Long before her current murder-for-hire charges, Deese was a convicted felon for a financial crime, but that fact proved elusive to Select Home Warranty when it listed Deese on its roster of providers — as elusive as the company itself.

Select has an address listed with the State Corporation Commission on Sadler Road in Glen Allen. It’s an address, but it’s not a real address.

Scan the building directory and you won’t see Select Home Warranty. The company’s supposed suite number upstairs does have a receptionist, and she told us she forwards Select’s mail, but it has no physical presence.

Here’s the question we wanted to ask — and already have by phone and email — although it’s fallen on deaf ears.

“How could Select Home Warranty send out a contractor who was a convicted felon to someone’s home?”

Select’s customer service center told 10 On Your Side that someone named “Raymond White” would respond.

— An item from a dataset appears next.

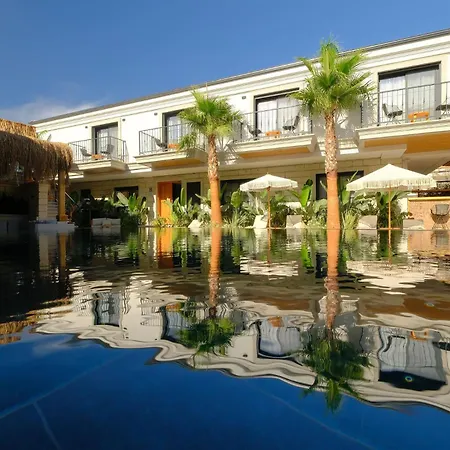 Surga Alaçatı Hotel Çeşme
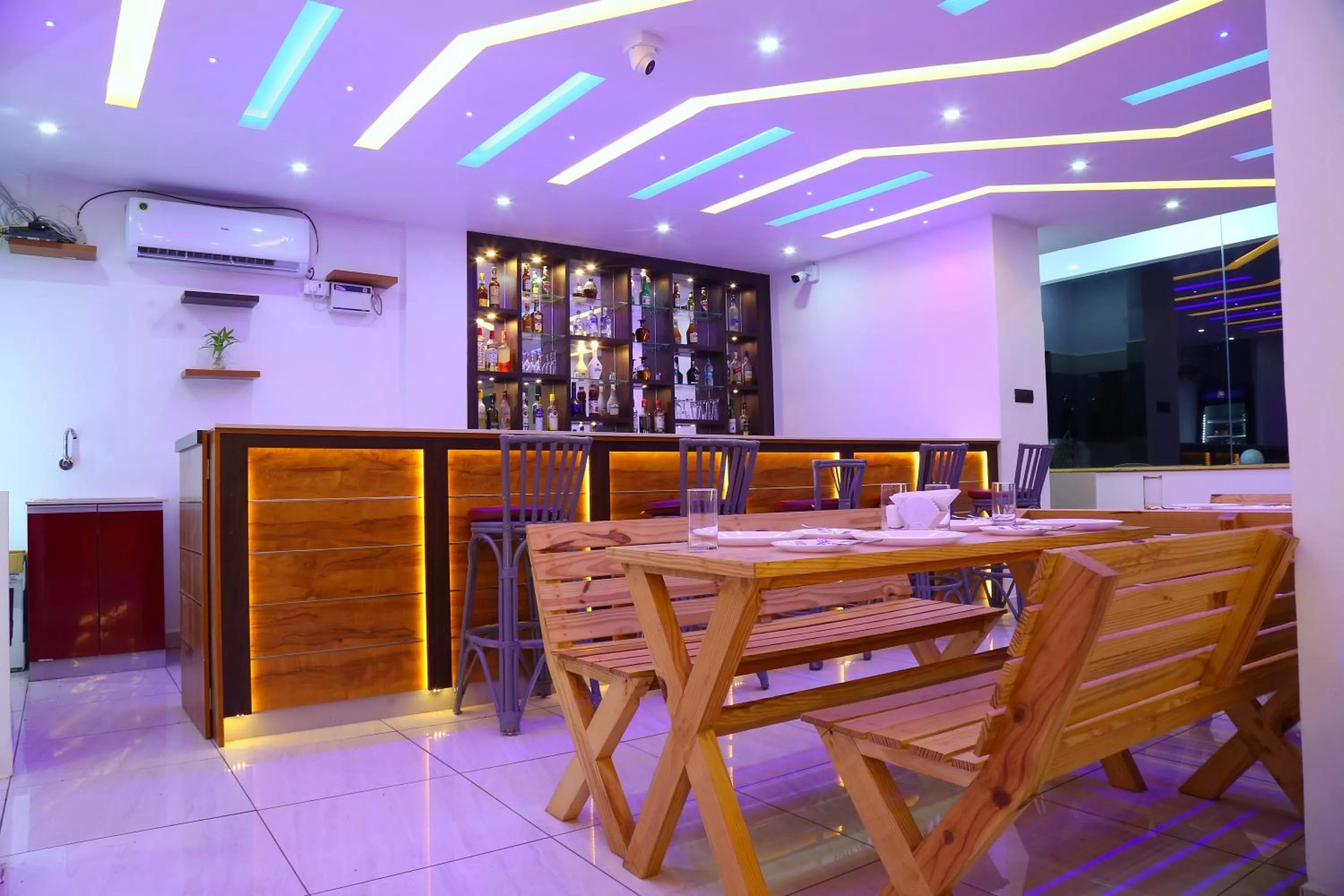 Lounge or bar, Restaurant/Places to Eat in M aples Jacks Place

That was two months ago.

The convicted felon whom Select Home Warranty saw fit to put on a roster of trusted contractors came to the home of Robert and Kelly Rogers in Chesapeake. They paid her $6,500 to remodel their bathroom.

Deese left the job mostly unfinished, and the couple was later awarded a judgement for money they highly doubt they will ever see.

They say Select’s background checks are somewhere between inadequate and non-existent.

“Either they didn’t do anything, or they don’t care,” Robert Rogers said. “Neither answer’s acceptable.”

Select also sent Deese to the home of Donald and Faith Sullivan. Lucky for them they paid her only the initial $75 show-up fee, and she never showed up again.

“As far as Select Group, I don’t think that they are very thorough in vetting their contractors,” Donald Sullivan said.

“There are other warranty companies out there who won’t send fraudulent murder-for-hire people to your home,” Robert Rogers said. “Choose one of them, any one of them.”

Deese’s sister lives next door to Darrell Higgins in Ocean View. Deese told Higgins she needed a place to stay and she ended up living in his garage. Deese was in Higgins’ Ford pickup in late January outside the Chesapeake jail — in the console, a loaded gun.

According to authorities, Deese was there to pick up an inmate, who would be the trigger man to eliminate a witness against Brian Askew, who is charged with malicious wounding after police say he shot a woman two years ago.

Meanwhile, Higgins claims that Deese stole thousands of dollars from him.

“Oh my God, she could talk you out of your underwear,” he said.

But more than a decade earlier, Deese was convicted in federal court of embezzlement. Court documents show that she stole more than $200,000 from a previous employer, claiming that the money was for legitimate expenses. That felony conviction in federal court dates back to 2012.

Currently, she’s facing two charges in Chesapeake, conspiracy to commit murder for the alleged plot to kill a witness, and possession of a gun by a convicted felon — the gun found in the pickup as she waited outside the jail.

Her next court date is coming up in May.